_Exercise brief_:
Where does the string "Nissan" appear? Copy every line of the entries below that holds it.
━━ Records for the exercise ━━
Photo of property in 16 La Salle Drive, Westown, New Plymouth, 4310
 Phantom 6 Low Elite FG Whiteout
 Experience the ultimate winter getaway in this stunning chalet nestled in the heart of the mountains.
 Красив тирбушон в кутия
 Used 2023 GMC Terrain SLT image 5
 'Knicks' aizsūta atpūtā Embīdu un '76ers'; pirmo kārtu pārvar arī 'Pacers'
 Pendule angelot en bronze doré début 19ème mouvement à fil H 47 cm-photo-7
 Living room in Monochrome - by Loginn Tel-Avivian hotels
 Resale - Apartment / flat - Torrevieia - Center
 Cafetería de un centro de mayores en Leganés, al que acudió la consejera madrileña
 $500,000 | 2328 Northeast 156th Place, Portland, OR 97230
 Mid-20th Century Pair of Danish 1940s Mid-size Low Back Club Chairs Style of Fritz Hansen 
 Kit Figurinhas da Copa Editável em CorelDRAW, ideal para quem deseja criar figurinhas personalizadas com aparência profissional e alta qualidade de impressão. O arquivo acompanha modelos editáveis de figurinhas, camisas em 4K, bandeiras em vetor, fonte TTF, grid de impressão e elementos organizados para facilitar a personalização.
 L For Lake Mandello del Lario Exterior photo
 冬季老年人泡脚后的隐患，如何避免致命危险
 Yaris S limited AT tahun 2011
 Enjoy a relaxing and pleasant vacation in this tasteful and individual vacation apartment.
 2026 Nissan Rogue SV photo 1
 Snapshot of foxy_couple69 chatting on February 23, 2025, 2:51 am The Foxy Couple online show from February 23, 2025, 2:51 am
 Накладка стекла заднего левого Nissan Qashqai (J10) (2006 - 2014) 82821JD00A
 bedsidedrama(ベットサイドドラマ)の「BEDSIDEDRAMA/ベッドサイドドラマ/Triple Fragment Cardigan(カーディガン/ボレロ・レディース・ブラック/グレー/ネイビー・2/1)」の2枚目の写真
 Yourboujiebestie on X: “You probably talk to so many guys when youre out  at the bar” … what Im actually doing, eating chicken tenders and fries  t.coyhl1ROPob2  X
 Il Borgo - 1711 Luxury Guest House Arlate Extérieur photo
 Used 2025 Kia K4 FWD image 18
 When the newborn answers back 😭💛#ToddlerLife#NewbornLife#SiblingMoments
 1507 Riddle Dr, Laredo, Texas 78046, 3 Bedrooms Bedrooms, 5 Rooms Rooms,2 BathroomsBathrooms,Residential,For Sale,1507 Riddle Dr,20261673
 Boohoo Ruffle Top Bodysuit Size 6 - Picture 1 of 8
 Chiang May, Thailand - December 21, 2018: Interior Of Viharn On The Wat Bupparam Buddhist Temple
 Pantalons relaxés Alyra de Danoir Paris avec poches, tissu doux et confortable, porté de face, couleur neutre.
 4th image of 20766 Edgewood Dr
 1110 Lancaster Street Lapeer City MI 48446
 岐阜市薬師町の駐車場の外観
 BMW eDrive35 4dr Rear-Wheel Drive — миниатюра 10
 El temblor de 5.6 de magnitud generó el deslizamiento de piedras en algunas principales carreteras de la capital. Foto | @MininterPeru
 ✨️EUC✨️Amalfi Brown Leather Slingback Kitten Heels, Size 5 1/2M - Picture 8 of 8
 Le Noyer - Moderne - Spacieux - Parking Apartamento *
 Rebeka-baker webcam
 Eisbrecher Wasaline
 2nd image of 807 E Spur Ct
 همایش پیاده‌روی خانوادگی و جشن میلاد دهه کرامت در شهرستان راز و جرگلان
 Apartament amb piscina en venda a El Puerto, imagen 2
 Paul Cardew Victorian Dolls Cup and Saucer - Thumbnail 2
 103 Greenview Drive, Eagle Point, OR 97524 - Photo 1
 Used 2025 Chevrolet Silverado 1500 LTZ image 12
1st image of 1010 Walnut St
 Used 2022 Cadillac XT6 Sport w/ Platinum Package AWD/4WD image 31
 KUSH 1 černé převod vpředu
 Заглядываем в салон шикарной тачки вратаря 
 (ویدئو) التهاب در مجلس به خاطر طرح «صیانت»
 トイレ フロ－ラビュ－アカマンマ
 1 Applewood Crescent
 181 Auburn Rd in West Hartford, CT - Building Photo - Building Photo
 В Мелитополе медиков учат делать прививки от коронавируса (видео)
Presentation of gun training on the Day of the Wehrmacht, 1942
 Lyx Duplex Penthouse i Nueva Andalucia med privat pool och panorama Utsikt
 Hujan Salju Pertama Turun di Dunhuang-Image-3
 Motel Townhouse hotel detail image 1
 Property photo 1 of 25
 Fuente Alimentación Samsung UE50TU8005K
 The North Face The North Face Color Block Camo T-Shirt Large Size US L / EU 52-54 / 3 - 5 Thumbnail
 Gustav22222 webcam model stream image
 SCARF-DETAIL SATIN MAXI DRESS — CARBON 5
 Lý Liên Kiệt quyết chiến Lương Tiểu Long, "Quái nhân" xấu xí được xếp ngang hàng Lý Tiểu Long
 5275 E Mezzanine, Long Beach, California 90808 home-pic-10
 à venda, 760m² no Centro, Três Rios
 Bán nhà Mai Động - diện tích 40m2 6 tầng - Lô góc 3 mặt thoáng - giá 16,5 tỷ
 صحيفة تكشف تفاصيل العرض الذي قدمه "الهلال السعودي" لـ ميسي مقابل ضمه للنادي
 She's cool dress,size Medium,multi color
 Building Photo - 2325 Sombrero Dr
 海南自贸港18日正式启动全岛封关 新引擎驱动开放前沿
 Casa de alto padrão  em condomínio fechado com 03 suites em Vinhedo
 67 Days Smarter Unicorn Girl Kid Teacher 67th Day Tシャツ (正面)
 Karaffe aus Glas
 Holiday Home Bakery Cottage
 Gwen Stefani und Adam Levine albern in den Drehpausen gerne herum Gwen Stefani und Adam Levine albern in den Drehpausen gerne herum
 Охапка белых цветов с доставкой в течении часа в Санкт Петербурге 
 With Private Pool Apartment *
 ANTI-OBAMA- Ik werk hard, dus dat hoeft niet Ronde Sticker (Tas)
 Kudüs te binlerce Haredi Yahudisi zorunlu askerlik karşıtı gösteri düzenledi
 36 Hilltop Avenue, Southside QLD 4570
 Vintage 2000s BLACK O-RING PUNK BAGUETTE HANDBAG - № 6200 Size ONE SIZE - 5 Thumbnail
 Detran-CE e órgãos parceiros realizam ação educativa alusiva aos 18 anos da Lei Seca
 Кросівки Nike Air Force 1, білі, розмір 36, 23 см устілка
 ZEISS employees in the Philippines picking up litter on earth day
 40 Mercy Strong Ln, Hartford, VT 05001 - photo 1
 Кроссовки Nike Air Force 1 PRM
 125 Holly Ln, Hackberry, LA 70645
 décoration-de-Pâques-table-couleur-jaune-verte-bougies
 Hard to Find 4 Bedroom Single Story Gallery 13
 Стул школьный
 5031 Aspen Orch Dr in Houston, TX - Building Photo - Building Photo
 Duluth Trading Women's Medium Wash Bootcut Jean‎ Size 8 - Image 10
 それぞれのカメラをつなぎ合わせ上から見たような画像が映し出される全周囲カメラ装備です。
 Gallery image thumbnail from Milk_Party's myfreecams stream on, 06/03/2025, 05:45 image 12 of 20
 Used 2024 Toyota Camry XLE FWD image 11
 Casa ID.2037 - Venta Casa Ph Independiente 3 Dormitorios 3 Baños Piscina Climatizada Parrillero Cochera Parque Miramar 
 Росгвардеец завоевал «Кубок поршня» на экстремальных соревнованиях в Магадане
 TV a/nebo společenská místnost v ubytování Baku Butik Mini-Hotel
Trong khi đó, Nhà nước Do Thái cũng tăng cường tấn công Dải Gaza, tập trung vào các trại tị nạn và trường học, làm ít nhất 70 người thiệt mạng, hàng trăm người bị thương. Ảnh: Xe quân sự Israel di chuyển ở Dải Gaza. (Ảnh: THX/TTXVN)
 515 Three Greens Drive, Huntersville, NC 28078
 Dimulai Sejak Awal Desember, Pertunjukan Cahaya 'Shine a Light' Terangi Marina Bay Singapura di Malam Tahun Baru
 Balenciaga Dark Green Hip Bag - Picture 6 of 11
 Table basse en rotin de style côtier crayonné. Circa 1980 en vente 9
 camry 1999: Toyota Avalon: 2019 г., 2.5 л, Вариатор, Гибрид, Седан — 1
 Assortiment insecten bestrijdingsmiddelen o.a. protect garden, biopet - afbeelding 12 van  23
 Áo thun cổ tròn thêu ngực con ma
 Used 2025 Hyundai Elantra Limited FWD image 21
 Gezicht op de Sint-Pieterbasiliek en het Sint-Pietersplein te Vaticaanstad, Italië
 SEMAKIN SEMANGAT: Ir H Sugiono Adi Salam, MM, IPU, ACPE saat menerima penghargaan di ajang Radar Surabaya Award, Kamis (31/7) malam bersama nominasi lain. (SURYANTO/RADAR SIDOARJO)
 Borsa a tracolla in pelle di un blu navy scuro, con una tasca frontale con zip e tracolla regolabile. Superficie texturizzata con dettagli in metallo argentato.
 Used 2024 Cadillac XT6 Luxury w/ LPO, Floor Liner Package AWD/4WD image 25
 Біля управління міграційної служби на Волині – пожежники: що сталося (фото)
━━━
_Written answer_:
 2026 Nissan Rogue SV photo 1
 Накладка стекла заднего левого Nissan Qashqai (J10) (2006 - 2014) 82821JD00A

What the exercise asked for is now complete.